During WWII the US State Department used several codebooks for enciphering radio telegrams. These were the low level Gray and Brown codes and the high level A1, B1 and C1 codes.

The latter codebooks were used with substitution tables.

It is clear that the German codebreakers were able to solve the substitution tables used with the A1 and C1 codes till late 1943 because these were given to the Japanese and decoded by the Allies in late 1944 (1):


According to a message of the Japanese military attaché the C1 code continued to be used by the US embassy in Bern, Switzerland so those messages could be read in 1944 (2):


Were the Germans also able to read messages enciphered on the A1 codebook in 1944?

The book ‘Hitler, the Allies, and the Jews’ by Shlomo Aronson mentions a message solved by the codebreakers of OKW/Chi (German High Command’s deciphering department) (3):

At the same time, the OKW/Chi decrypts tell us in their way what the Allies were doing in various ways, including the hectic activities of WRB's operatives upon its inception. Thus, the following cable from Washington, dated February 9, 1944, from the State Department and signed by Secretary of State Cordell Hull but in fact sent by the WRB to the American Legation in Bern, dealt with funds made available to the International Red Cross (ICRC) in Geneva to help Jews in Rumania, Croatia, Hungary, Slovakia, and Theresienstadt by the Joint Distribution Committee (AJDC), as authorized by the Treasury Department’.


The original message can be found in the US National Archives (4) and the classification is SECRET.


The note on the first page says A-1 so I assume that it was sent using the A-1 codebook. 

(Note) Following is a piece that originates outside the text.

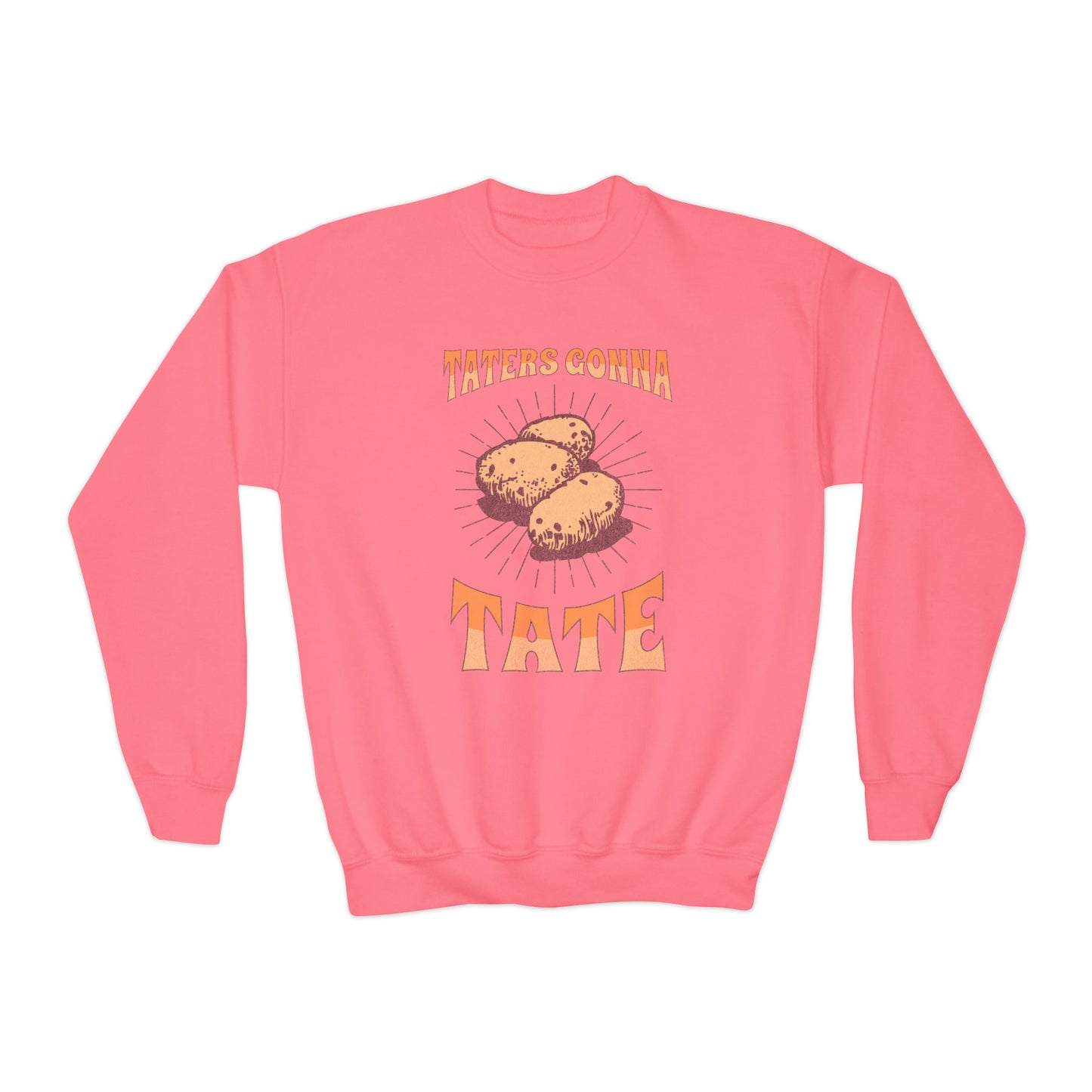 Taters Gonna Tate - Youth Crewneck Sweatshirt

Thus it seems that the Germans continued to read diplomatic traffic sent on the A-1 code even in 1944.

Sources:

(1). US National Archives - collection RG 457 - Entry 9032 - box 1.018 - NR3225 ‘JAT write up - selections from JMA traffic'

(2). UK National archives HW 40/132 ‘Decrypts relating to enemy exploitation of US State Department cyphers, with related correspondence’.


(4). US National Archives - Microfilm Publication M1284, roll 38, indexed to file ‘840.48 Refugees/5195’.